Set down exactly the lines below, starting at the one that contains "Late 20th century" and ending at the one that contains "A modern bedroom", with both of those lines included and nothing else.

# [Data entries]

————

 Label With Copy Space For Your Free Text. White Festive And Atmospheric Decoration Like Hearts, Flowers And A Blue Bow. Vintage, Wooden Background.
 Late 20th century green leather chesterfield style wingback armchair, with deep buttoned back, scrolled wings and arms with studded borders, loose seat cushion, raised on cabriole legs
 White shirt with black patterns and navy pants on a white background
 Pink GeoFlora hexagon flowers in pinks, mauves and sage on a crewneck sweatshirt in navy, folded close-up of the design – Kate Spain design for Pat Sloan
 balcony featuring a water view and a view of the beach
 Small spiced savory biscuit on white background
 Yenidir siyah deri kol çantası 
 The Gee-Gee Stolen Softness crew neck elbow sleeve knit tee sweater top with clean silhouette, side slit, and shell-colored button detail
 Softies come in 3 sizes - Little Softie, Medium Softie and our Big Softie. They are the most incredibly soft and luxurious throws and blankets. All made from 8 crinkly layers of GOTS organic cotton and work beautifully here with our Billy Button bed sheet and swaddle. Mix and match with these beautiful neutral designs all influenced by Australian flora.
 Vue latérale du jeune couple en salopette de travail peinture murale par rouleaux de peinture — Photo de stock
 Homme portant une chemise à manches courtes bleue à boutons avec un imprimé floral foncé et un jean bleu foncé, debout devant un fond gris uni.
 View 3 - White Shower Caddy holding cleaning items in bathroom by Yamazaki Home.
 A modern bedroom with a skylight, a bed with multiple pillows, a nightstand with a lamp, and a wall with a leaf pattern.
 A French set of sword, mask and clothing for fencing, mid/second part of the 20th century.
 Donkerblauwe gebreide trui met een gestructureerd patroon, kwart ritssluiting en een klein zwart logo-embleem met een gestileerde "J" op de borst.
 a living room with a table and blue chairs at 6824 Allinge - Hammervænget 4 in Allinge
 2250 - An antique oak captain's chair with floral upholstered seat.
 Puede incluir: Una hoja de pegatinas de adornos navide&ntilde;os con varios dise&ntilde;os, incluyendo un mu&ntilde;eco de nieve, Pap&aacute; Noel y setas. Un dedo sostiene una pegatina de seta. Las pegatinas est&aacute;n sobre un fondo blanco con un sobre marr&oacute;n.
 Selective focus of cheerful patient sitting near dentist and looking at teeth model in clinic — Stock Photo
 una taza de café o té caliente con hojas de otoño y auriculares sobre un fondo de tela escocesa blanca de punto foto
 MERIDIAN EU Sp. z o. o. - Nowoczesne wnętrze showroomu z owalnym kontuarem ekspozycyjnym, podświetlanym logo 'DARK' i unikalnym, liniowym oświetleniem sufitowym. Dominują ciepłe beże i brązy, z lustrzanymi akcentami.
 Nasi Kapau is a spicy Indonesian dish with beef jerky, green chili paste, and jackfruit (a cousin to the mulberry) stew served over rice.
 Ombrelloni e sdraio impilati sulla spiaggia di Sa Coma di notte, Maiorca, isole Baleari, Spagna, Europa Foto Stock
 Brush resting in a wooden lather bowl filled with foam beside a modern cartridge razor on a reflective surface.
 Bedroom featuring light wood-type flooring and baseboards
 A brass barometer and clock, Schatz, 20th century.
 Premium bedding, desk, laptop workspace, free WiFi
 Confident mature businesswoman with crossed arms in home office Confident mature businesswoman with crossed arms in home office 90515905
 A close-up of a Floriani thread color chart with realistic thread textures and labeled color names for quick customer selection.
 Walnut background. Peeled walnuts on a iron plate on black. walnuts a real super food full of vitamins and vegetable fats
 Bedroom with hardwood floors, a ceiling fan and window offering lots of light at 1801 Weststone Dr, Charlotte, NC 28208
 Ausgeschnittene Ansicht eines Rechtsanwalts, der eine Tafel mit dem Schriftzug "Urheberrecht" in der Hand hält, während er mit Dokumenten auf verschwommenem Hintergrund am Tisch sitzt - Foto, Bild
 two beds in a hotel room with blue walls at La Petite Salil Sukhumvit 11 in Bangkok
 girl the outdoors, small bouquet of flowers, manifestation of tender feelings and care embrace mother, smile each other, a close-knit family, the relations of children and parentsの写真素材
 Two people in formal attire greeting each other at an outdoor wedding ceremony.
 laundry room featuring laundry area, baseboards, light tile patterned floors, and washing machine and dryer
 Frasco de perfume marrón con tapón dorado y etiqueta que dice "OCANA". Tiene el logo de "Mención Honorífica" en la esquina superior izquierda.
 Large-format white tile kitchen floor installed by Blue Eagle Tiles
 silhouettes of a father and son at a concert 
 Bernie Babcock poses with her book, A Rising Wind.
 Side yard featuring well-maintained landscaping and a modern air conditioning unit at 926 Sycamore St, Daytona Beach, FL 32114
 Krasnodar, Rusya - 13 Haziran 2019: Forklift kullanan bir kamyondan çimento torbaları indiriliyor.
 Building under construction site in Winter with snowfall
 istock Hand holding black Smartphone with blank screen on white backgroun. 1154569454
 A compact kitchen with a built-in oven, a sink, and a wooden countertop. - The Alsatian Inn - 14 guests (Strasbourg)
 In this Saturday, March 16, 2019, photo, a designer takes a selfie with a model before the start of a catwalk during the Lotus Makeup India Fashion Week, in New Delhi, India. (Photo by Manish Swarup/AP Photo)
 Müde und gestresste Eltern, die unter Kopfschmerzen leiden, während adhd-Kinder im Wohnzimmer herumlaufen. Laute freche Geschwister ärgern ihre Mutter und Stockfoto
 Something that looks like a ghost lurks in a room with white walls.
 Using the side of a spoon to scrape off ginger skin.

————

# [Result for this task]
 Late 20th century green leather chesterfield style wingback armchair, with deep buttoned back, scrolled wings and arms with studded borders, loose seat cushion, raised on cabriole legs
 White shirt with black patterns and navy pants on a white background
 Pink GeoFlora hexagon flowers in pinks, mauves and sage on a crewneck sweatshirt in navy, folded close-up of the design – Kate Spain design for Pat Sloan
 balcony featuring a water view and a view of the beach
 Small spiced savory biscuit on white background
 Yenidir siyah deri kol çantası 
 The Gee-Gee Stolen Softness crew neck elbow sleeve knit tee sweater top with clean silhouette, side slit, and shell-colored button detail
 Softies come in 3 sizes - Little Softie, Medium Softie and our Big Softie. They are the most incredibly soft and luxurious throws and blankets. All made from 8 crinkly layers of GOTS organic cotton and work beautifully here with our Billy Button bed sheet and swaddle. Mix and match with these beautiful neutral designs all influenced by Australian flora.
 Vue latérale du jeune couple en salopette de travail peinture murale par rouleaux de peinture — Photo de stock
 Homme portant une chemise à manches courtes bleue à boutons avec un imprimé floral foncé et un jean bleu foncé, debout devant un fond gris uni.
 View 3 - White Shower Caddy holding cleaning items in bathroom by Yamazaki Home.
 A modern bedroom with a skylight, a bed with multiple pillows, a nightstand with a lamp, and a wall with a leaf pattern.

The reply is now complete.